To really understand why Sam is standing next to a frozen river in the woods outside Mahomet on a beautiful but bitterly cold Thursday in February, you need to go back three years. Three years ago Sam tapped two large sugar maples that grow in his front yard and collected enough sap for about a quarter of a cup of syrup. The next year he expanded to about 25 taps on his street.
The idea was to make syrup, but also to educate people about the food sources that are literally in their front yard. Sam says he would have continued expanding until every maple tree in Urbana was producing sap if the city had not gotten involved. Some of the trees he used were on public property and could not be used. Also, taps could hurt already stressed urban trees that have to deal with pollution, root crowding and other unhealthy aspects of city living.

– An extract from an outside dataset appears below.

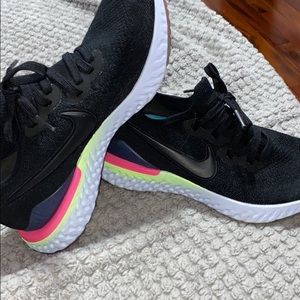 1 DAY SALE! get b4 Xmas! Nike Epic React Flyknit 2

Most would stop there, but instead Sam started collecting out in the country. With some help from Lisa Haynes, owner of the organic farm Tomahnous Farm, Sam found property owners in Champaign county willing to let members of the Prairie Sugar Collective tap their trees.
Sam says his main objective is still educational. He wants to put wheels on the evaporator built by Dave Baker, Sam's neighbor and owner of Baker's Bikes. The wheels will allow the collective to move syrup production to schools and businesses for instructional displays.
"The more we become removed from doing things that keep us alive I think the more alienated we feel from our own life," Sam says.
Most people don't know where the stuff in the maple leaf shaped bottle originally comes from. The sap from the maple tree has to be boiled down in an evaporator before it's the right consistency. Sam says about 40 gallons of sap is needed to make a gallon of syrup. Enough sap needs to be collected over the short season, about 4 to 8 weeks in February and March, to last the entire year. High producing farms need huge areas of land filled with trees to keep up with demand.
Maple syrup is seen as more of a condiment than a food stuff. Sam says he wants to treat it more like wine, make single origin syrups or unfiltered batches. He says the people in the area are adventurous in their food and would probably enjoy that as much as he would.
"I just have the feeling that this is the beginning of something going bonkers and I'm not just chopping it up to my optimism," Sam says.